Garza, 61, said his cousin’s husband, the mortgage broker, had put him into an adjustable-rate mortgage in 2004.

Garza remembers signing some of the paperwork in the parking lot of a 7-Eleven. But he said he does not remember the exorbitant terms.

Over the years, his monthly payments skyrocketed from about $1,950 to more than $3,000. Garza, a retired U.S. Army captain, can’t afford $3,000 a month. So now he must sell his house or face losing everything to foreclosure.

“I’m being forced to sell something that I once could afford,” he said.

And why?

“It was never explained to me that the interest rate could increase a percentage point every six months, and that it was only a matter of time until it had increased from 7.15 to 13.15.”

Garza originally listed the gorgeous brick-and-stucco ranch-style home for more than $400,000. Now, with pending foreclosure proceedings filed against him, it’s down to $329,000.

The home features wood and marble floors, granite countertops, alder cabinets, a spacious open floor plan with giant living and family rooms, and a walkout basement. It’s also close to light rail.

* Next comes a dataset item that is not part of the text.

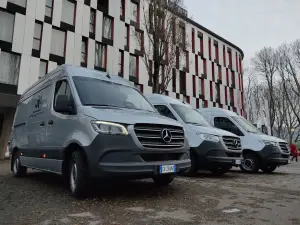 Mercedes Sprinter - 30 anni a Stoccarda - 16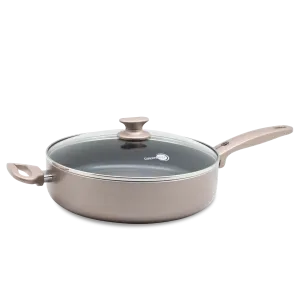 Cambridge Bronze Sauté Pan with Lid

“He’s reduced it to a very low price,” said Garza’s real estate broker, Max Castillo. “This is the situation a lot of people find themselves in to avoid foreclosures.”

Garza suffers from dementia, memory lapses, hearing loss and constant pain after severe head injuries he sustained in 1978. While on duty at Fort Hood, an unknown assailant knocked him to the ground and kicked him in the head so many times that he was ultimately granted retirement on full disability.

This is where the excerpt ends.